Under Santer, and now Prodi, legitimacy seen also in terms of public health of the consumer and food safety.


·       Nature of the EU – multi-level governance. Both national interest/dimension and EU as a polity within itself, also.   

See this dual identity in the revision of deliberate release.

Forthcoming reforms:

·       The European Commission has announced that systems of complete traceability of foodstuffs to be one of the key principles of EU food law and food safety


·       Regulations for GM animal feed  (already seeing retailers seeking to set up non-GM animal feed chains for meat products). This has important ramifications for segregation of commodities imported. Also traceability through documentation of GM and non GM feed part of this proposal, and 220 revision.

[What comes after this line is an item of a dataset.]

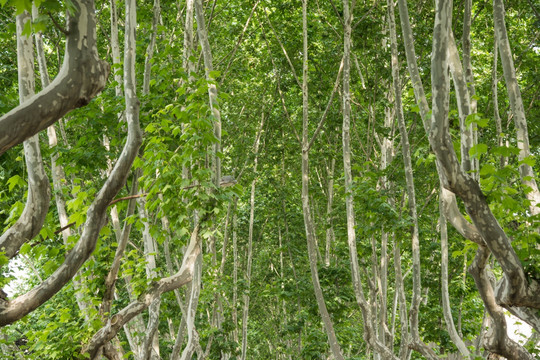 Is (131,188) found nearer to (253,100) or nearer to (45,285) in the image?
(45,285)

·       GM free regulation – in wake of traceability. Discontinuity between this aim and operation of regulatory guidance on separation distances of crops in the field


·       Revision of seeds’ regulation to embrace GM seeds.


·       Broader impetus to reform of food production regimes under CAP and concept of multifunctional agriculture.


·       White Paper on the Precautionary Principle – link to more precautionary risk assessment criteria in 220 revision.


Can see make out some features emerging within this period of regulatory reform.

·       Diversity of  local biodiversity and agricultural systems – no longer seek to make Europe’s agri-environment  homogeneous to mirror the internal market. Revision of 220, will allow member states more scope to assess important risk assessment dimensions according to particular ecosystem and agricultural features.

·       Precautionary risk assessment, fuller criteria

·       Traceability – but provides challenges

·       Social criteria not yet explicit in risk assessment – would argue however they have in the past been explicit (eg BST) and often implicit.


·       Market led social assessment of the technology in Europe – is this satisfactory?

·       Public interest in food governance provided by private sector response to the public as consumers, only subsequently to public as citizens?

·       Raises questions of for democratic legitimacy in an era of multi level governance?